Assistant Secretary of Homeland Security for Border Immigration and Trade Policy Michael Dougherty speaks at a Senate Judiciary Committee hearing on Capitol Hill in Washington, Tuesday, Oct. 3, 2017, on the Trump Administration's decision to end Deferred Action for Childhood Arrivals otherwise known as DACA. (AP Photo/Andrew Harnik)
October 03, 2017 - 3:14 PM

WASHINGTON - GOP lawmakers who dined with Donald Trump at the White House said Tuesday the president denied making a deal with House Minority Leader Nancy Pelosi and Senate Minority Leader Chuck Schumer to protect immigrants brought here illegally as kids.

And House Majority Leader Kevin McCarthy said that the president agreed that any deal on so-called "Dreamers" would happen only after Congress dispenses with tax overhaul legislation. "Taxes first and then we could solve DACA," recounted McCarthy, who was among the small group of GOP lawmakers at Monday night's dinner. DACA stands for Deferred Action for Childhood Arrivals, an Obama-era program that has provided temporary work permits and deportation relief to some 800,000 immigrants brought here illegally as kids.

Pelosi and Schumer had trumpeted an agreement with the president after emerging from their own White House dinner last month, saying that he had agreed to codify existing DACA protections and to back a broader legislative solution called the DREAM Act that could cover around twice as many immigrants. But Republicans at Monday night's dinner said the president denied any such deal, and made clear he was focused narrowly on a solution for DACA recipients.

"The president was very clear we're dealing with DACA," said McCarthy, R-Calif. "He was very clear the difference between Dreamers and DACA."

Trump announced last month he was ending the DACA program and giving Congress six months to come up with a fix. The president has suggested he could revisit the issue if Congress doesn't come up with a solution in time, but administration officials testifying before the Senate Judiciary Committee Tuesday said that immigrants' temporary work permits would begin to expire absent congressional action, and they would become subject to deportation.

Pelosi and Schumer's claims of an agreement last month were contested at the time by Republican leaders who insisted the White House had told them there was no deal. And McCarthy and Sen. Tom Cotton of Arkansas, who was also at the White House dinner, said the president and Chief of Staff John Kelly repeated the assurance to them in person.

"There's no deal. President Trump said there's no deal. John Kelly, who attended that dinner, said there's no deal," Cotton said. "So there has to be a negotiation that occurs, in the House, in the Senate."

Sen. John Cornyn of Texas, another attendee Monday night, said the White House would be sending legislative principles to the Hill as soon as this week, although that's something White House officials have been promising for weeks.
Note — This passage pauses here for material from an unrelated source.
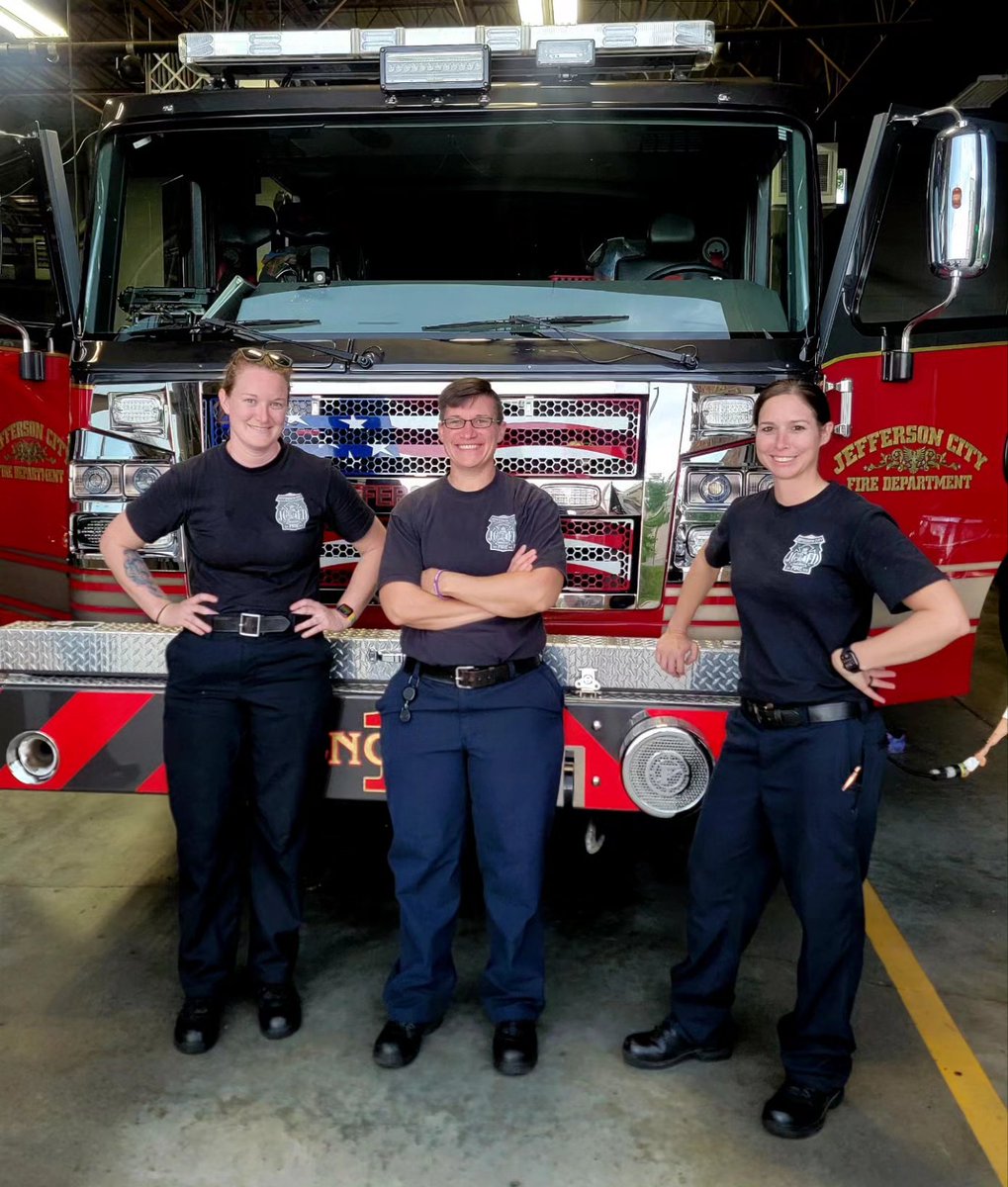 CarrieTergin's tweet photo. These women made history as the first all female Engine crew at #JCFD. Congratulations Engine 1 and great work ladies! Lisa Layton-Brinker, Marilee Veit and Abigail Tarpein Jefferson City Fire Department @JeffersonCityFD π https://t.co/XD08vi7s9v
House Republicans have also convened a working group on the issue.

For his part, Schumer disputed the Republicans' assertions.

"If the president is changing his view, he should tell us," Schumer said. "I have talked to the president, I have talked to General Kelly about continuing on the path that we all agreed to indisputably."

The back-and-forth came as senators convened their first hearing on the topic since Trump announced he was winding down DACA, which Republicans have long denounced as an unconstitutional overreach by President Barack Obama.

The fates of hundreds of thousands of immigrants, many here since infancy, hang in the balance. Dozens were present to hear senators of both parties pledge to work toward a solution, even while partisan divisions that could complicate any resolution were on stark display.

Michael Dougherty, an assistant secretary at the Department of Homeland Security, testified that Trump would like Congress to find a solution allowing the young immigrants to remain legally in the United States.

"They are a benefit to this country," Dougherty told the Senate Judiciary Committee. "They are a valuable contribution to our society."

"Under a rational bill these individuals would be allowed to become lawful permanent residents," Dougherty said.

Republicans insisted that any solution would need to be accompanied by stronger border security and enforcement measures. But Judiciary Chairman Chuck Grassley specified that he didn't mean a "wall." Trump himself has suggested that his long-promised U.S.-Mexico border wall, which is supposed to be paid for by Mexico, can be addressed separately from a solution for DACA.

Meanwhile, any DACA recipients eligible to renew their two-year work permits must have their applications in by Thursday under the administration's timeline.